The guide it devised is divided into three tiers of initiatives: Sustainability Advocate, Partner and Leader. Each tier contains initiatives that fall into the Triple Bottom Line categories of people, profit and planet.
"The first tier is designed to raise awareness at law firms," Arnold said. "The idea is the first step to incorporating sustainability is to at least be aware of the firm’s footprint."
These first-tier actions include encouraging public transit for workers, recycling, switching to environmentally friendly cleaning products and conducting energy audits to identify ways to reduce energy consumptions.
"The second tier prompts law firms to start implementing sustainability and efficiency measures at the law firm itself," Arnold said, such as investing in Energy Star equipment and pledging to cut resource consumption by 5 percent. Dedicating pro bono services to an environmental or sustainability organization is included.
The third tier involves more rigorous measures, such certifying its office space with the U.S. Green Building Council, sponsoring a nonprofit to become carbon-neutral through the purchase of carbon offsets and allocating additional pro bono hours.
"The guide is a start, and then we’re going to rely on the creativity of the Meritas member firms to implement the guide in lots of ways we could never imagine," Arnold said.
Member firms will then share successes and challenges from implementing the initaitives, said Meritas President and CEO Tanna Moore.
"That’s one of our core initiatives, to share best practices," Moore said. "There are a number of firms that have gone through the ABA-EPA approval process ... and others that are just learning about it."
The guide’s authors tried to specifically address the unique role of attorneys through the pro bono work aspects and counseling of clients in sustainability matters, Arnold said. Yet many of the initiatives could be used by businesses outside the legal realm.
"We also had to make it something that appealed to not only attorneys but people who actually run the offices," Arnold said.

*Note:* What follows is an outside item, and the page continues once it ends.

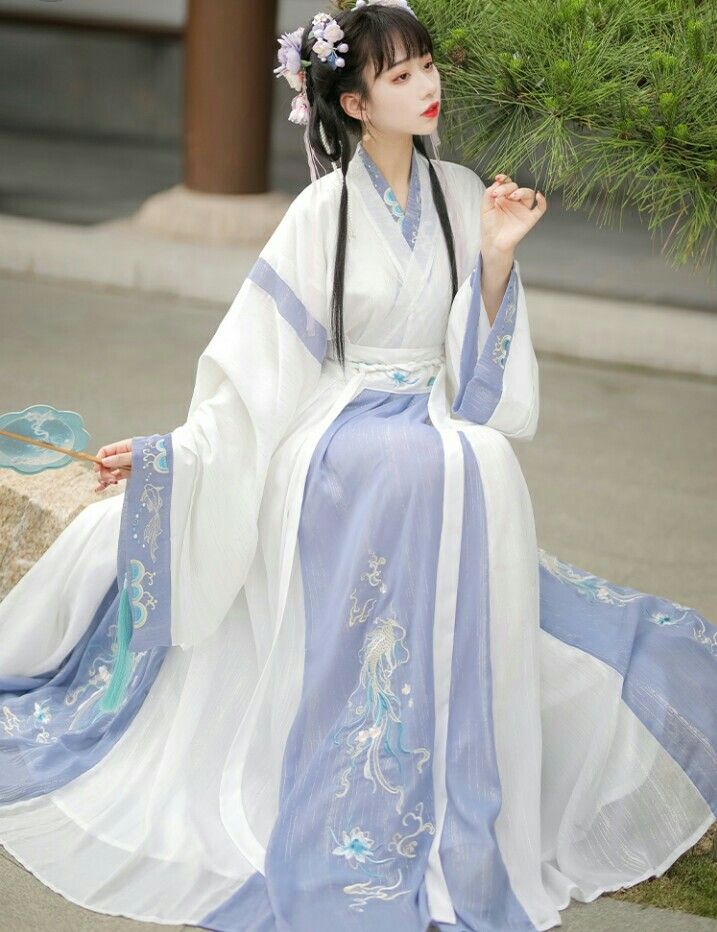 Reimagining Qipao Blouses for Autumn-Winter:Innovations in Traditional Elegance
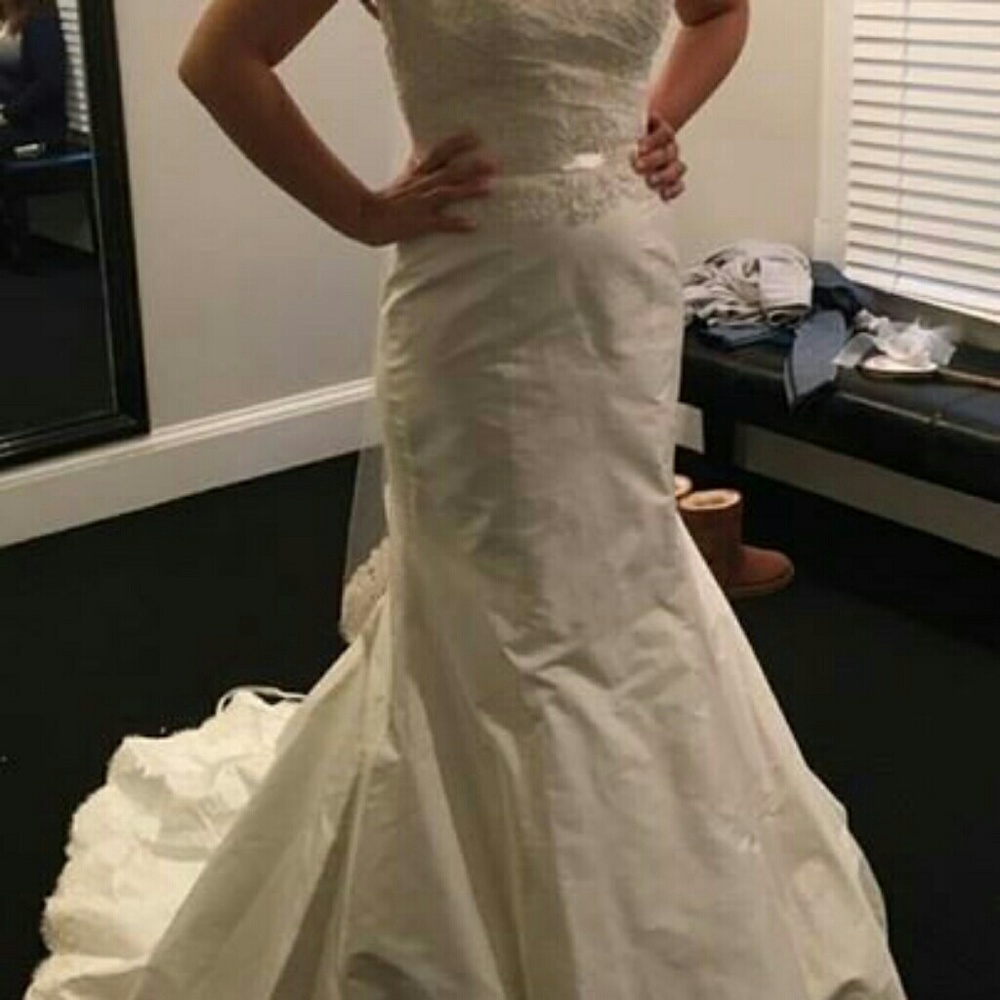 Paloma wedding dress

Scott used his law firm as a guinea pig for some of the initiatives listed in the Green Guide for Lawyers. "I wanted to see if these ideas were cockamamie or practical," Scott said. "Overwhelmingly, we found them extremely practical."
But he admits he did take some flak at first.
"One my partners said, 'I thought it was the dumbest idea I ever heard,’" Scott said.
The tune of his partner and other skeptics at his law firm changed when they saw the initiatives’ benefits: The company saved money and generated more business, including three new clients within a year that can be directly attributed to their new sustainability credentials.
"Now,” Scott said, “they are starting to become true believers."
Tilde Herrera is associate editor at GreenBiz.com.